What this tells me is that people don't know how to use Excel's functions and when they come up against a problem they think is difficult, or just don't know how to solve it, they go looking for a VBA solution.

By making yourself familiar with basic functions like IF and VLOOKUP (just to name two) you can make your life a lot easier.

### Function or Formula?

You'll often see the terms function and forumla used interchangeably. Strictly speaking however, a function is the actual piece of code written into Excel's core programming that gives you a result based on inputs you give it.

For example, IF is a function but when you use it like this

=IF(A1>10,True,False)you've written a formula using the IF function.

## How Does IF Work Again?

Let's go over how the IF function works before we get any further. It really is very simple and can help understand how other functions work too.

The syntax is IF (Test_Condition, Result_If_True, Result_If_False)

where Test_Condition is some test that can be evaluated to see if it is true or false e.g.

- A1>10 : Is A1 > 10?
- A1*0.5=A2 : Is A1 x 0.5 equal to the value in A2?
- A1>=A2 : Is the value in A1 greater than or equal to the value in A2?
- A1="Hello" : Does A1 contain the string "Hello"?
- AND(A1>0,A2<10) : Are both of these conditions true? Is the value in A1 greater than 0 AND is the value in A2 less than 10?
- SUM(A1:A10)>1000 : Is the SUM of the values in cells A1 through to A10 greater than 1000?

Easy. So once we have our test, IF will determine if it is TRUE or FALSE. If it TRUE then the result returned by the IF function will be whatever you specify in Result_If_True.

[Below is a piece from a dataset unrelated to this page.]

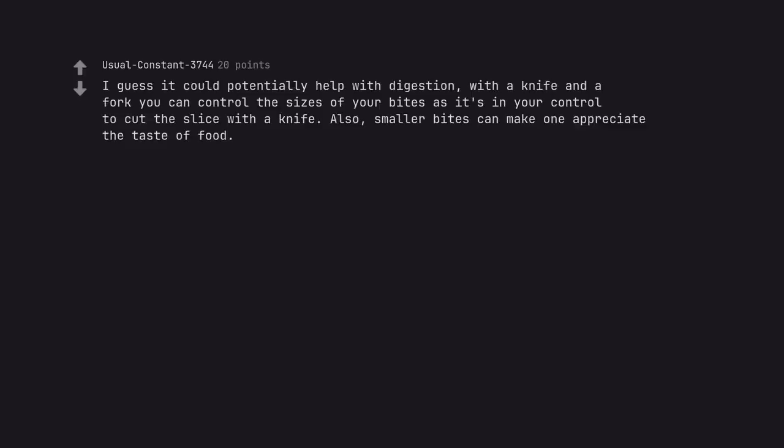I guess it could potentially help with digestion. With a knife and a fork you can control the sizes of your bites as it's in your control to cut the slice with a knife. Also, smaller bites can make one appreciate the taste of food.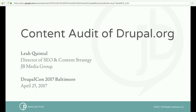Thanks for coming everyone. Welcome to a content audit of Drupal.org. You'll notice that it is no longer a live content audit, which is probably what you were expecting. But Drupal.org is very complicated and this audit was not without challenge, so instead I'll walk you through the audit process and we'll also discuss those challenges as they relate to all your Drupal sites.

If the result of your test is not TRUE then the result of the IF function will be whatever you specify by Result_If_False.

Result_If_True and Result_If_False can be things like a number, a text string, a Boolean Value or even another function. For example:

**=IF(A1<=10, SUM(B1:B5), SUM(C1:C5))**

means that if the value in A1 is less than or equal to 10, then the result of this IF formula will be the SUM of the values in cells B1 through to B5.

If the value in A1 is greater than 10, then the result of this IF formula is the SUM of the values in cells C1 through to C5.

Now we've covered that, let's look at some examples of where formulas are better than using VBA.

## Download The Workbook

All of the problems I'm about to describe, and their solutions, can be found in the example workbook you can download here.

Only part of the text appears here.